Diese regionalen Preisunterschiede zeigen sich besonders deutlich im Vergleich zwischen Städten und Bundesländern:

Region Preis pro 100 Liter Preis für 3000 Liter Quelle
Germersheim 117,36 € 3.520,80 € esyoil
Baden-Württemberg 120,34 € 3.610,20 € esyoil
Rheinland-Pfalz 122,32 € 3.669,60 € esyoil
Durchschnitt Deutschland 135,44 € 3.963,20 € TotalEnergies
Hamburg 131,89 € 3.956,70 € esyoil
Schleswig-Holstein 134,88 € 4.046,40 € esyoil

Die Preisunterschiede zwischen den Regionen sind enorm – das zeigen nicht nur die Extreme, sondern auch Großstädte wie München (122,45 €), Düsseldorf (125,51 €) und Hamburg (132,71 €) im Vergleich (esyoil Übersicht).

Fazit: Eigenheimbesitzer, die 3000 Liter Heizöl brauchen, können durch den Vergleich regionaler Anbieter über 500 € sparen. Der Preisunterschied zwischen Germersheim und Schleswig-Holstein beträgt 17,52 € pro 100 Liter.

Wie hoch ist der aktuelle Heizölpreis in Salzgitter?

Salzgitter gehört zu den Städten, für die spezifische Echtzeit-Preise ohne PLZ-Eingabe schwer zu ermitteln sind. Die nächstgelegenen verfügbaren Daten zeigen niedersächsische Durchschnittspreise zwischen 92,37 € und 94,15 € pro 100 Liter für Hannover und Bremen (123-Heizöl Preisrechner).

Lokale Preise in Salzgitter

Die Region Sachsen-Anhalt, zu der Salzgitter gehört, weist Preise zwischen 132 und 134 € pro 100 Liter auf, mit teilweise rückläufiger Tendenz. Für eine genaue Kalkulation empfiehlt sich ein direkter Preisvergleich über Vergleichsportale wie esyoil oder FastEnergy.

Günstige Anbieter

Finanztip empfiehlt den Preisvergleich über Esyoil und HeizOel24, da beide Portale Testsieger-Status innehaben und regelmäßig aktualisierte Bundesland- sowie Städte-Rankings bieten (Finanztip Verbraucherportal).

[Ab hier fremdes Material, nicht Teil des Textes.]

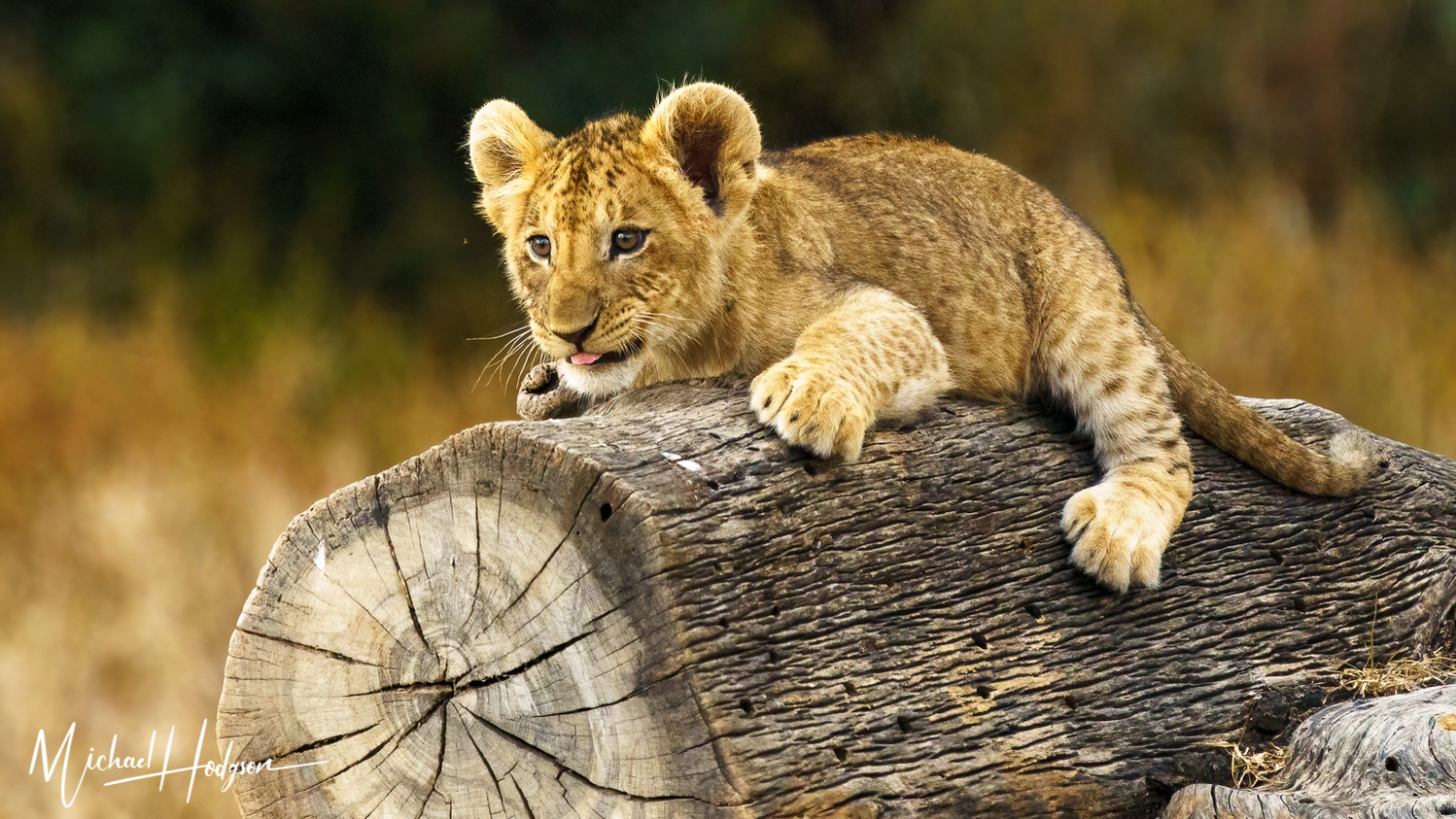 A lion cub straddles a log staring at a bug flying in front of it.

Was kostet zur Zeit 1 Liter Öl?

Der aktuelle Einzelhandelspreis für einen Liter Heizöl liegt im Durchschnitt bei 130,25 Cent – damit kostet die Tankfüllung mit 1000 Litern etwa 1.302,50 € (FastEnergy Preisrechner). Der HEL-Terminpreis (Heizöl Standard) notierte Dienstagmorgen bei 133,9 Cent pro Liter (TECSON Preisanalyst).

Durchschnittspreis pro Liter

Der Monatsdurchschnitt für Februar 2026 lag bei 95,32 Cent pro Liter – ein deutlicher Rückgang gegenüber Januar 2025 mit 103 Cent pro Liter (Statista Monatsdaten). Die Preise schwanken jedoch erheblich je nach Region und Abnahmemenge.

Regionale Unterschiede

Die Daten von TECSON bestätigen: Preise im Süden und Südwesten unterscheiden sich systematisch von denen im Norden und Nordosten – wobei die Preisunterschiede nicht immer der Intuition folgen (TECSON Preisanalyst). Baden-Württemberg etwa bietet günstigere Konditionen als manche norddeutschen Regionen.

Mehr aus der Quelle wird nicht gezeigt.